Issuing and utilization of data
Last updated
Last updated
Organizations or entities that issue data can do so via verifiable credentials (VCs). This issuance can either be done individually upon receiving requests from data subjects, or in bulk by inputting the subjects' DIDs into an internal admin page. Either way, it requires transforming the data model so that internal agency data can be released in the form of VCs. Currently, VCs can be issued in two syntactic representations: JSON-LD and JWT. Alternatively, one can encrypt the data file with the data subject's secret key, upload it to distributed storage, and incorporate the file's hash value into the VC without transitioning to these data models.
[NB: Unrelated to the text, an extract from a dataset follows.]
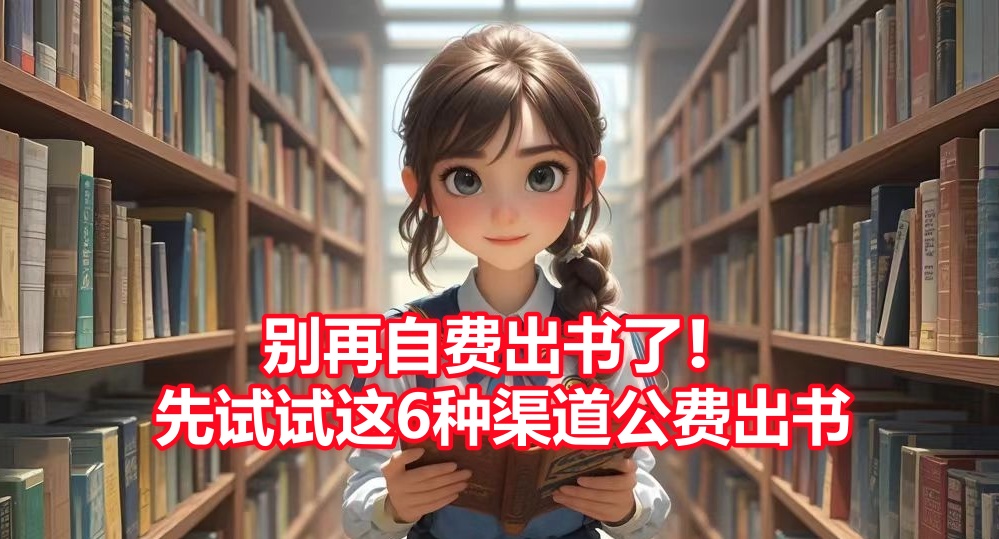 别再自费出书了❗先试试这6种渠道公费出书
Expanding the integration with systems that issue data in this manner is of utmost importance. In this regard, for example, Raredata, a clinical research data management program, could contribute to providing the emerging Hippocrat ecosystem with trustworthy, high-quality data. Medical researchers, the primary users of Raredata, produce a wide range of quality data from selected patients for credible research. In particular, most clinical research involves collaboration between researchers from different institutions, ensuring the data is representative. This collaboration inevitably results in systematic synchronization of data types, terminology, collection methods, and so on. Because the reproducibility of research outcomes is crucial, the incentive to deliberately manipulate data is greatly reduced. These mechanisms guarantee both the reliability of the original data and the distribution process via VCs.
Another significant detail included in the VC is the commission rate that will be allocated to the issuing organization's share when the issued data is sold. Up until now, data issuing organizations have had no feasible way to earn from their share of data that exits the organization. However, with VCs, all data is subject to the patient's decision to circulate, and any data that is traded for a fee with the patient's consent is automatically divided between the patient and the issuing organization. This enables the issuing organization to gain incentives from data use, besides the data issuance fee. This mechanism motivates issuing organizations to prepare and issue more reliable and usable data.
Organizations developing AI healthcare solutions, leveraging existing ones to offer data-driven healthcare services, or aiming to screen clinical trial participants, can use Hippocrat to harness trusted, consented data. The first step requires preparing a data wallet and a Decentralized Identifier (DID) for the organization intending to use the data. They must also integrate a software development kit (SDK) tailored to data utilization into their internal services, readying them for data usage.
The process of data enrichment involves linking the individual's DID with the utilizing organization's DID. Typically, the individual is asked to scan a QR code for login, authentication, or connection purposes, at which point they provide their consent. The organization doesn't need to request all data at once. Initially, it can request only the information needed for basic service usage. Further data requiring a higher level of user consent can be requested separately. This method ensures that the right data is available at each user conversion stage.
In order to obtain consent, the organization must clearly communicate to the individuals who they are, what permissions are being requested, and what data will be used under what conditions. This is similar to presenting and obtaining legal notices for data collection and use, like conventional terms and conditions and privacy policies. However, the key difference is that organizations can use standardized terms certified by a governance framework.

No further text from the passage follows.